To calculate GVA the authors took two approaches: the income approach (which involved calculating the sum of operating profits, depreciation and amortization and employee costs); and the production approach (the value of sales of gold less the cost of intermediate consumption or the cost of inputs and raw materials directly attributable to that of consumption.)
The study analyzed supply from mine production (which makes up about two-thirds of the global gold supply annually) and recycling (which makes up the rest), and concluded that the annual global supply of gold rose from 3,017 tonnes in 2007 to 4,477 tonnes in 2012, a 48% increase.
The 15 largest gold producing countries directly generated US$78.4 billion of GVA in 2012. The six largest producers were China, Australia, the United States, Russia, Peru and South Africa and direct GVA from mining stood at US$12.6 billion in China; US$9.3 billion in the U.S.; US$8.6 billion in Russia; US$8.6 billion in Australia; US$8 billion in Peru. The two fastest growing gold producers were Mexico, where gold production between 2007 and 2012 jumped 118%, and China, where it rose 47%.
The study also found that on average in 2012, the amount of economic value added per ounce of gold was US$1,139. The numbers ranged from China’s US$946 per oz to Peru’s US$1,352 per oz.
The study also concluded that formal gold mining in the top 15 producers employed about 527,900 people last year and that it makes up a significant amount of national exports for some countries, such as Tanzania, where gold constituted 36% of all exports; and Ghana and Papua New Guinea, where it made up 26% of all exports.
Gold recycling, which climbed 60% from 1,005 tonnes in 2007 to 1,616 tonnes in 2012, generated GVA of between US$23.4 billion and US$27.6 billion. (GVA per tonne of recycled gold is about US$16 million compared with about US$36 million for mined gold.) Last year the United States and Italy were the top two sources of recycled gold, followed by China and India.
Of the US$17.7 billion of capex reported by companies in 2012, roughly 34% was used to maintain existing operations and 66% was spent on expanding the existing operations or developing new ones. Canada, the United States and Australia reported the largest gold mining capex of US$2.6 billion, US$2.5 billion and US$2.3 billion, respectively.

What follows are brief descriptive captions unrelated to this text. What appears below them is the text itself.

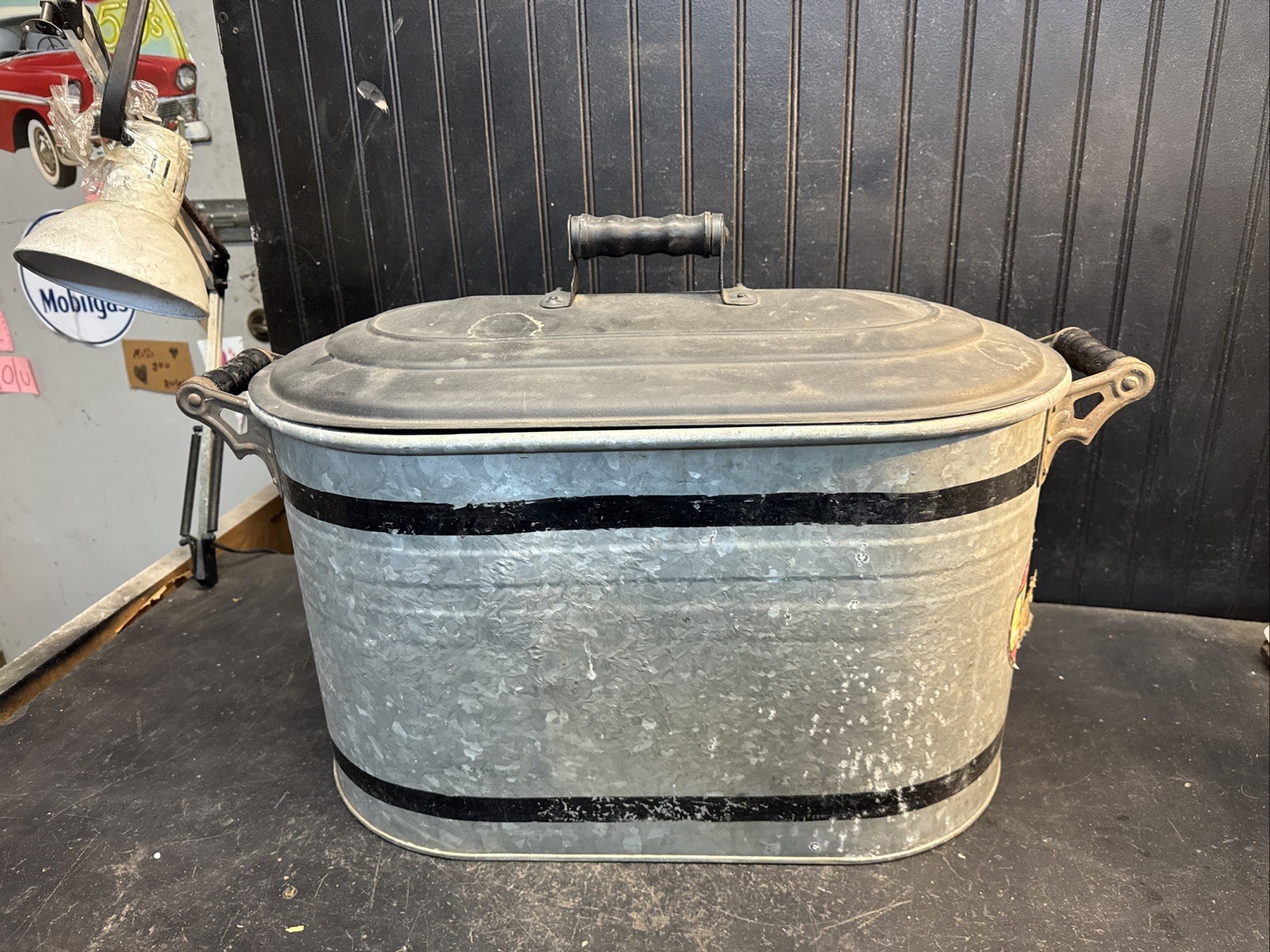 Vintage Galvanized BOILER with LID Black Stirpe Wooden Handles ~ 22.5 x 12 x 13″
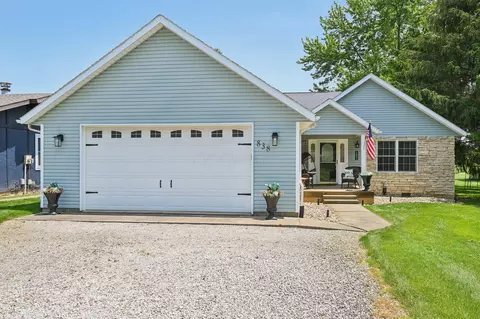 838 Fairway Dr, Howard, OH 43028
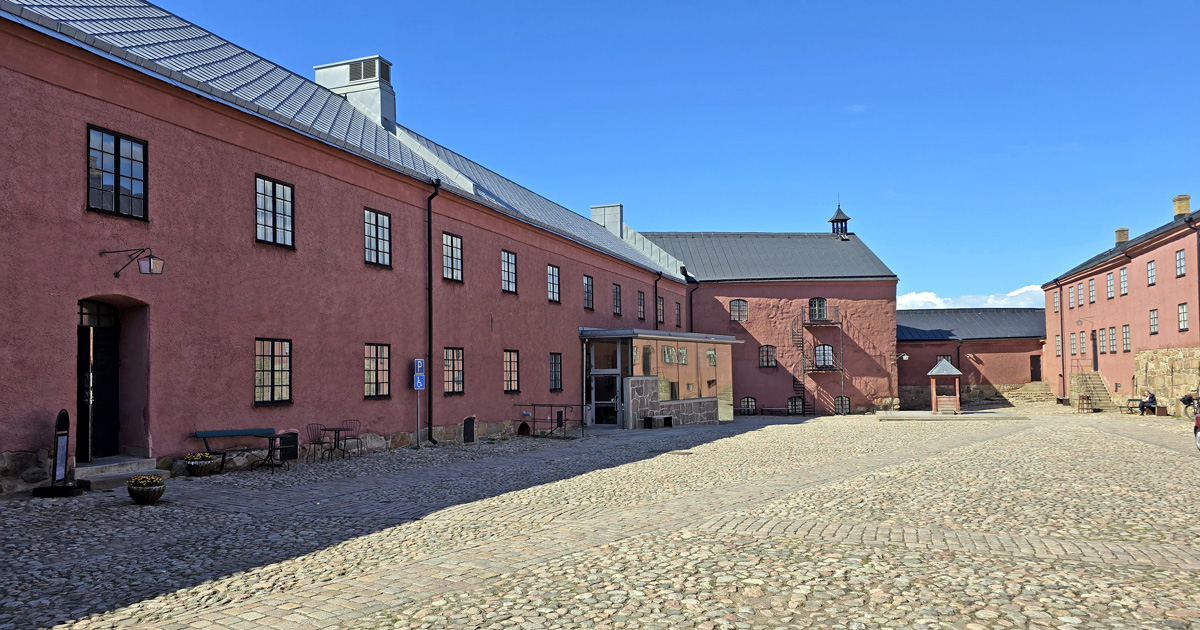 Den nuvarande borggården inne på Varbergs fästning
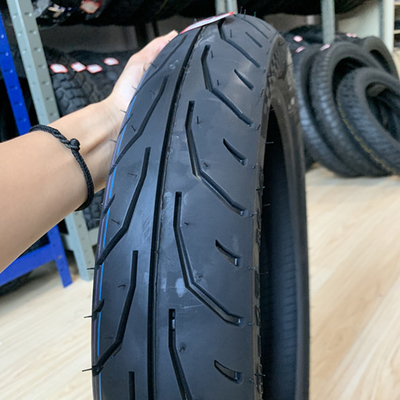 Fabricação de pneus de motocicletas 90/90-17 com capacidade de produção de 5000 unidades por dia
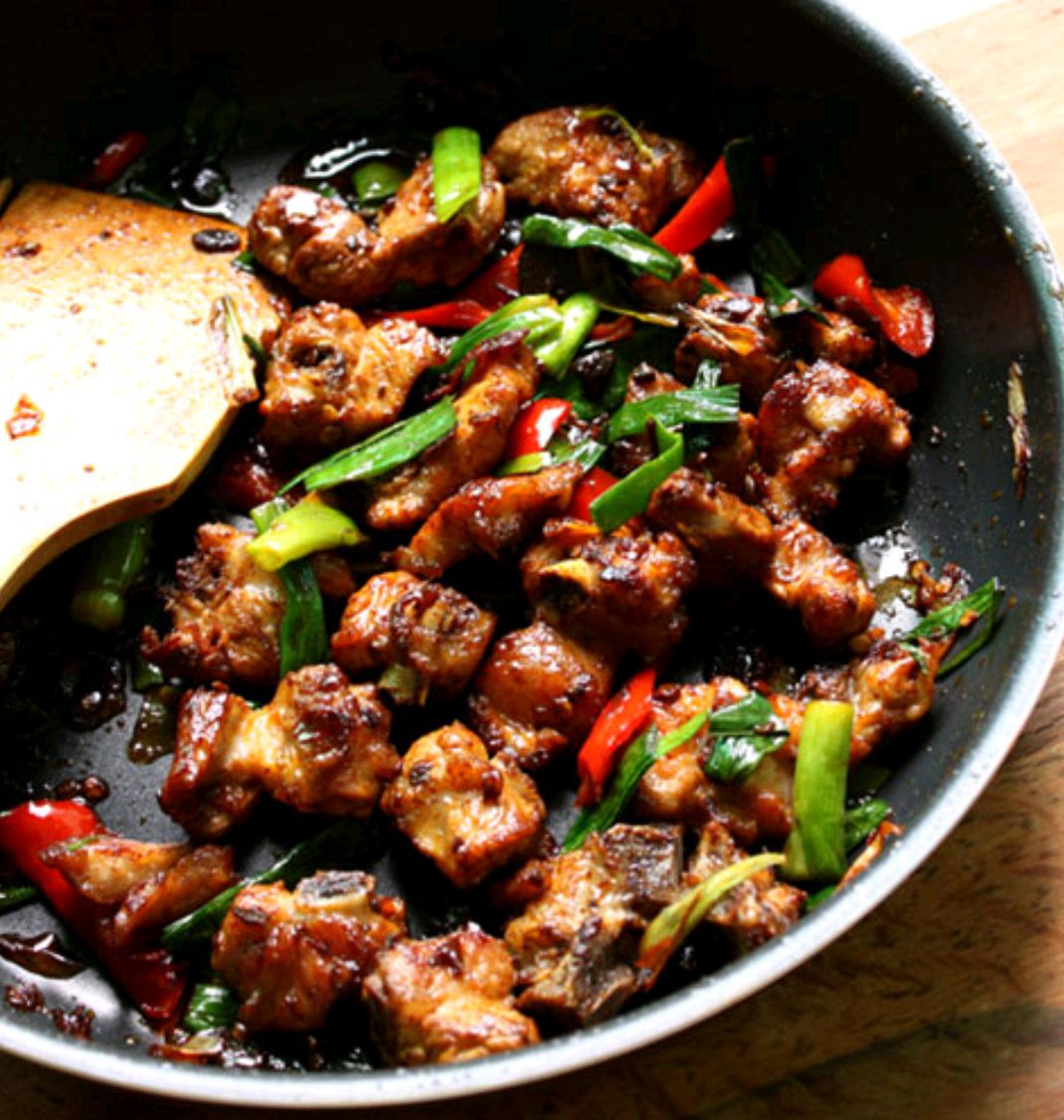 喜欢吃干香爆炒系列菜来了《葱爆鸭块》做法技巧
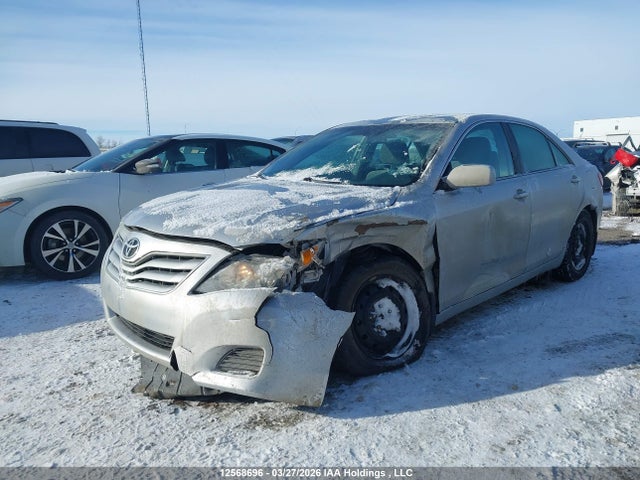 12568696 :رقم المزاد ، 4T1BF3EK1AU079428 vin ، 2010 Toyota Camry Le مزاد بيع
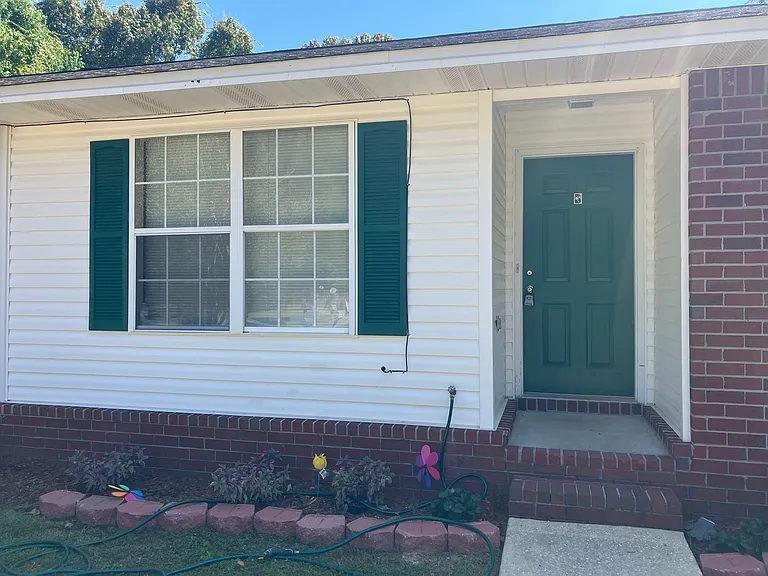 3031 E Kingsfield Rd #B — Photo 2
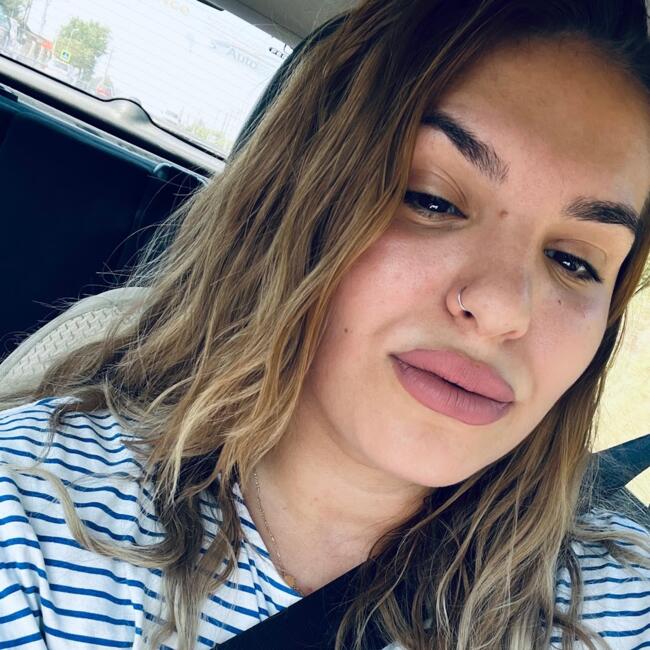 Babysitter in Odobeşti: Andreea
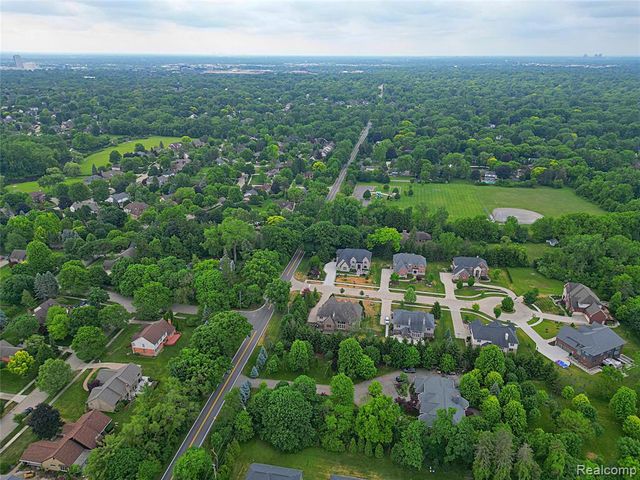 4966 Park Manor Drive, Troy, MI 48098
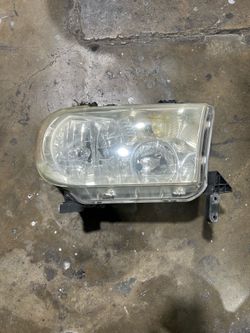 2007 - 2013 TOYOTA TUNDRA HEADLIGHT PASSENGER SIDE 2008 - 2017 SEQUOIA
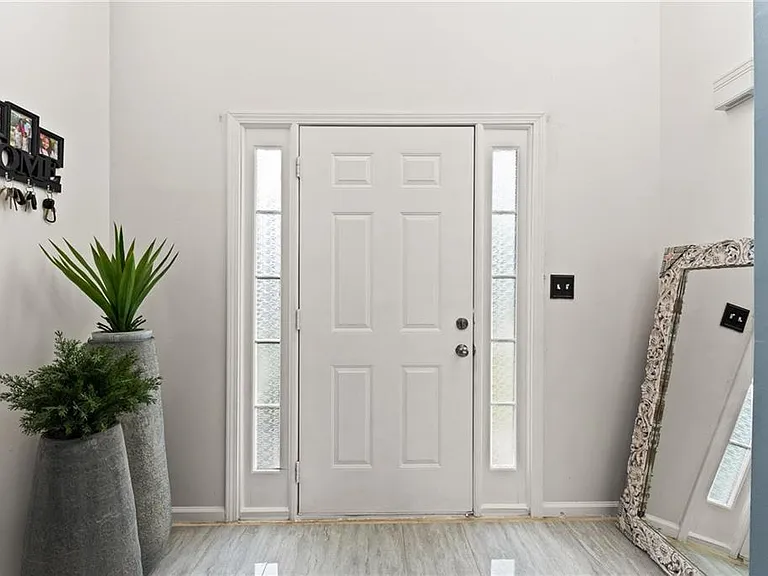 4155 Soaring Dr — Photo 3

Combined mining royalty liabilities in all 15 of the countries studied added up to about US$4.1 billion. The study found that China and Russia accounted for the greatest liability for mining royalties at US$1.4 billion and US$797 million, respectively.
In terms of demand, the study found that overall it advanced 42% between 2007 and 2012, peaking at 4,582 tonnes in 2011.
Breaking the demand down into various categories, the study reported that jewelry accounted for about 43%; investment (bars, coins and gold-backed exchange traded funds) for about 35%; central banks 12%; and technology and manufacturing (electronics, dentistry, decorative) 10%.